At the moment, four tanker ships were simultaneously docked at the platform and having oil pumped into their holds. During the briefing Moore had learned that eighty percent of Iraq’s gross domestic product passed through the terminal, about 1.5 million barrels per day, which of course made Al Basrah a vital part of the country’s economy and had warranted an unusual presence there, as noted by Carmichael over the radio: “Team Two, this is Mako Two, listen up. The regular garrison is gone. They’ve got Revolutionary Guard up there manning the lookouts. They’ve brought in the big guns, and they’re armed for bear now.”
“Roger that,” answered Moore. “Everyone look for signs.”
“We’re on it, Mako One,” answered Carmichael.

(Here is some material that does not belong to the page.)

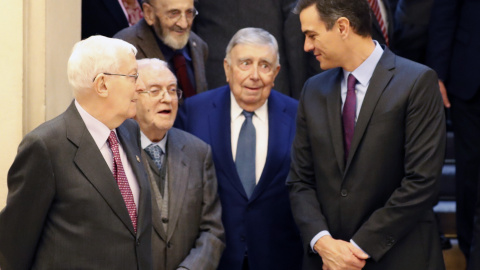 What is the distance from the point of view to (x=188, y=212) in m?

Moore had just ordered Carmichael’s team and his own to search for signs of underwater demolitions and evidence of charges set up top, along the exterior of the platform. The Iraqis would rather destroy their oil terminal than have it fall into enemy hands, and knowing them, Moore figured they’d use C-4 but probably weren’t clever enough to rig it to blow inward, nor were they even aware of expansion products such as Dexpan that would allow them to crack apart the platform’s pilings in a much safer and more regulated way. If they had C-4 charges set below the surface, there was a good chance they’d hit the panic button and not only take out the structure but kill any SEALs in the water because those explosions would blow outward.